### Problem details
Set down exactly the lines below between the line holding "D99bf6e2 abae 4274" and the line holding "Le Parc des", inclusive; no other line belongs in the answer.

### Material for this exercise
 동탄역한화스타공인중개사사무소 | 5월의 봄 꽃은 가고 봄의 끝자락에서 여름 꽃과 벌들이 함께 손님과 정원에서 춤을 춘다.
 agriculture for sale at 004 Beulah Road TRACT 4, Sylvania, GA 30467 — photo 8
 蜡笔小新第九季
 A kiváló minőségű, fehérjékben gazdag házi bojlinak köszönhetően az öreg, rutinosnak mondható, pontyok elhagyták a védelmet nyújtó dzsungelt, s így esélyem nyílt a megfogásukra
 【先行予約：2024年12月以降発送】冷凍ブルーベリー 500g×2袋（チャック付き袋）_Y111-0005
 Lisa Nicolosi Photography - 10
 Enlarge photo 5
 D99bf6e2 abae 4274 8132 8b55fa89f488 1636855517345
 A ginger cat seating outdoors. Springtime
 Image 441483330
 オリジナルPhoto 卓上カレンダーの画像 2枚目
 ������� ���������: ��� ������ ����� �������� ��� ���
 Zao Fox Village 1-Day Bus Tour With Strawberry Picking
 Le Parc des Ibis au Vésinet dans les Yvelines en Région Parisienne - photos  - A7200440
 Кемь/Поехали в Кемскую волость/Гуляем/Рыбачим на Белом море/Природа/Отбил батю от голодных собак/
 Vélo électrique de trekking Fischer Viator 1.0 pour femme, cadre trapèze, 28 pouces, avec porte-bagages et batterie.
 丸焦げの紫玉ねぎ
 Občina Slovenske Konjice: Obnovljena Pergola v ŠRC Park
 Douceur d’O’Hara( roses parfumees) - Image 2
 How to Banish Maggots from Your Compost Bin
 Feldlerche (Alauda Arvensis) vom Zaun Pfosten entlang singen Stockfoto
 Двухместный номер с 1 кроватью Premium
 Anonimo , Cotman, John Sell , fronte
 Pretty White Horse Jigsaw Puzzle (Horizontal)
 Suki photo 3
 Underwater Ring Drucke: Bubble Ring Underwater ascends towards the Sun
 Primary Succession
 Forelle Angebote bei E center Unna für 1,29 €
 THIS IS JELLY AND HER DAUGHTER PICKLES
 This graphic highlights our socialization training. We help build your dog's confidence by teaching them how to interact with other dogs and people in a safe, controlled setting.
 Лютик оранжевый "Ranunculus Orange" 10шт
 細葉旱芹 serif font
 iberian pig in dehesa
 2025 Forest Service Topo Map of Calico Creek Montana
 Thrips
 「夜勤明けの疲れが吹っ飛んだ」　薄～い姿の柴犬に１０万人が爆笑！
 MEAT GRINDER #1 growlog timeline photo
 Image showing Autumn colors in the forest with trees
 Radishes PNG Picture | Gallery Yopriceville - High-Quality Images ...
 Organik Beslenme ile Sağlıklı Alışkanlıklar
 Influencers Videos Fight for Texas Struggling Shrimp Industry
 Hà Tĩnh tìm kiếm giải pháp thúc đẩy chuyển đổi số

### Response area
 D99bf6e2 abae 4274 8132 8b55fa89f488 1636855517345
 A ginger cat seating outdoors. Springtime
 Image 441483330
 オリジナルPhoto 卓上カレンダーの画像 2枚目
 ������� ���������: ��� ������ ����� �������� ��� ���
 Zao Fox Village 1-Day Bus Tour With Strawberry Picking
 Le Parc des Ibis au Vésinet dans les Yvelines en Région Parisienne - photos  - A7200440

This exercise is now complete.